Cook the pasta: Bring a large pot of salted water to a boil. Add 1 pound of pasta and cook according to package instructions until al dente (usually about 8–10 minutes). Drain the pasta in a colander and rinse under cold water to cool it down and stop the cooking process. Set aside.
Prep the veggies and herbs: While the pasta is cooking, chop 1 pint of cherry tomatoes in half, dice 1 cucumber, thinly slice or dice ¼ red onion, and chop a handful each of fresh parsley and basil. If using black olives from a jar, drain and slice about 6–8 ounces.
Combine the salad: In a large mixing bowl, add the cooled pasta, tomatoes, cucumber, red onion, olives, crumbled feta cheese (about 1 cup), and chopped herbs. Gently toss to combine.
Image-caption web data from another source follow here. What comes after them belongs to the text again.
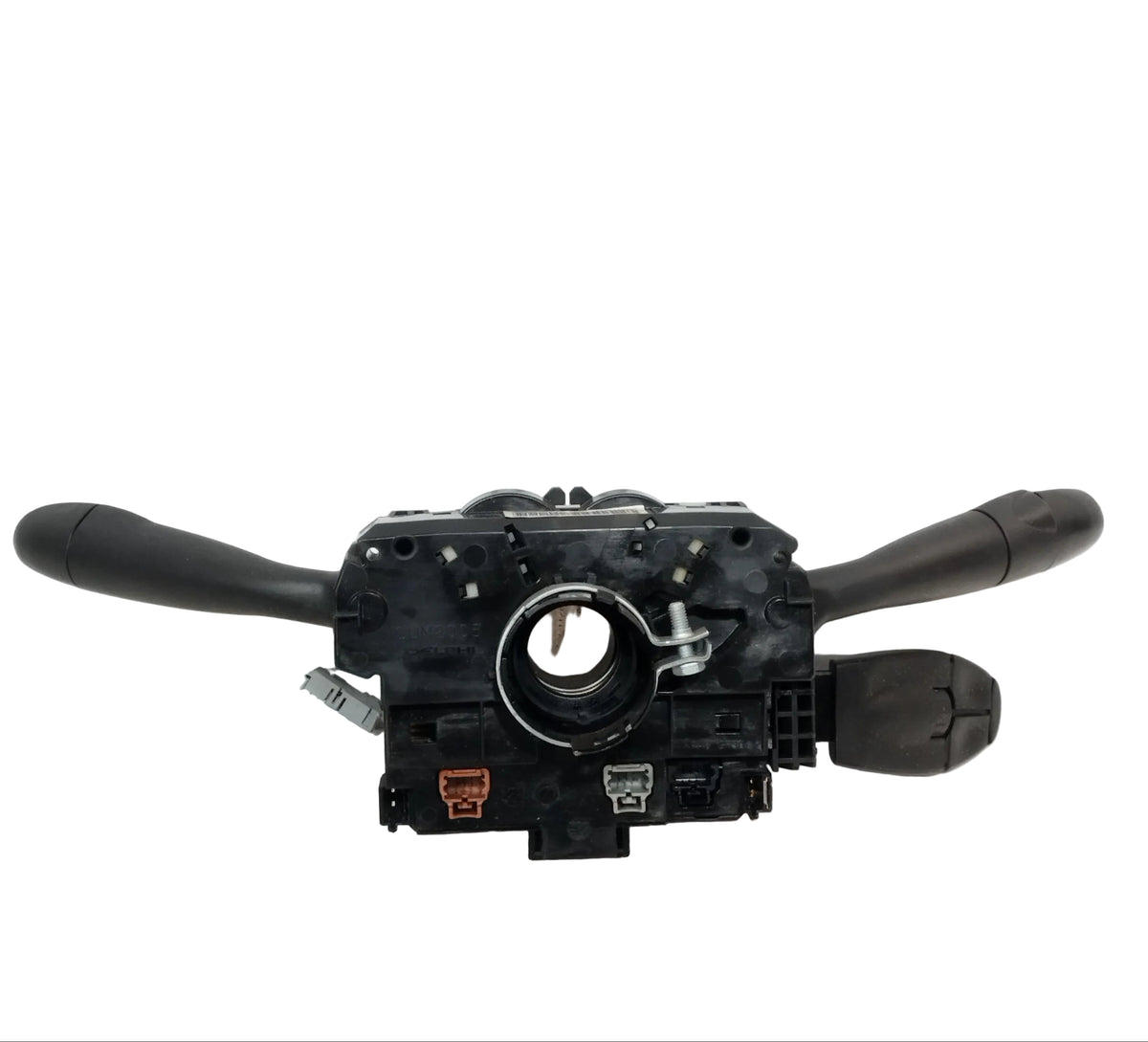 Devioluci Peugeot 308 I (T7) 2007-2013 cod: 96652985xt ecoAC17402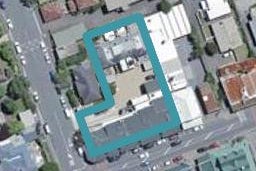 2K Hatton Street, Karori, Wellington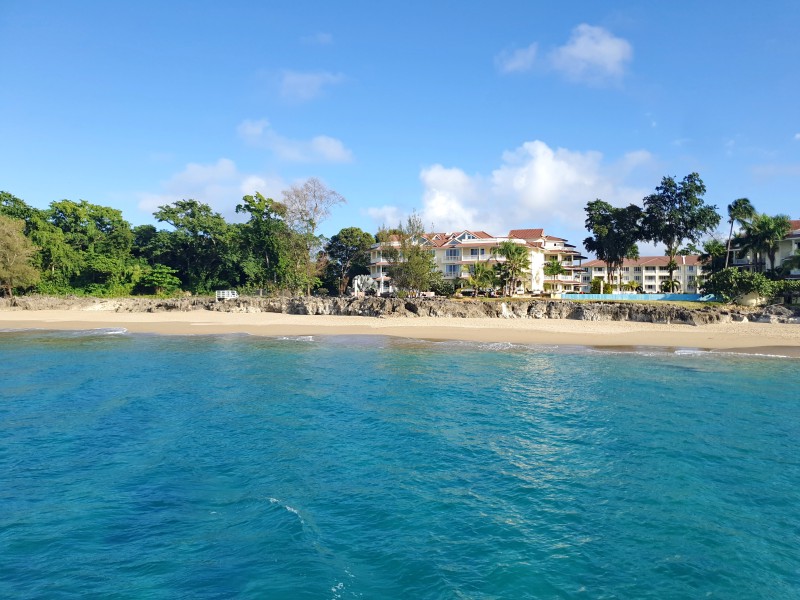 /posts/2025/01/22/dominican-republic-day12/img/20250122_163536_1.jpg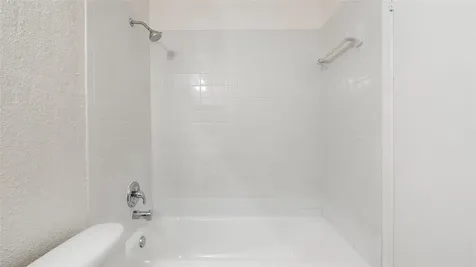 875 Riverside Drive Coral Springs FL 33071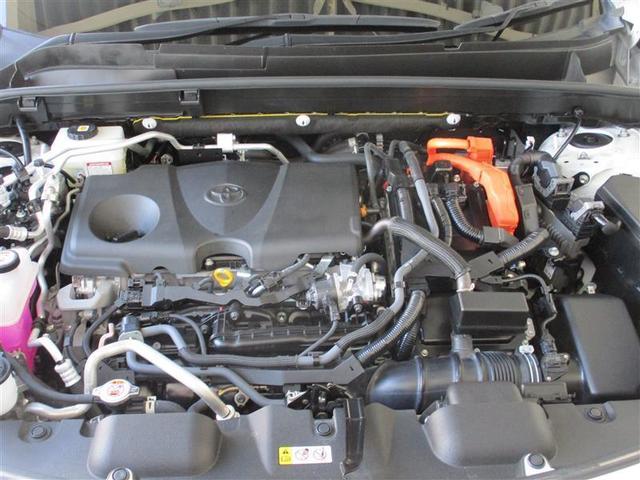 ハリアーＰＨＥＶ Ｚ　ガラスルーフ　黒革シート　ＡＣ１００Ｖ電源　ＬＥＤヘッド　フルセグＴＶ　ナビＴＶ　電動パワーシート　ドラレコ　ＥＴＣ　エアコン　バックカメラ　盗難防止装置　スマートキー　メモリーナビ　キーレス（21枚目）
Make the dressing: Combine all ingredients for dressing in medium size mixing bowl and whisk until combined.
Add the dressing: Pour your homemade lemon vinaigrette over the salad. Toss everything together until the pasta and veggies are evenly coated with dressing.
Chill and serve: Cover the bowl and refrigerate the pasta salad for at least 30 minutes before serving to let the flavors meld. Give it a gentle toss before serving and add extra dressing if needed.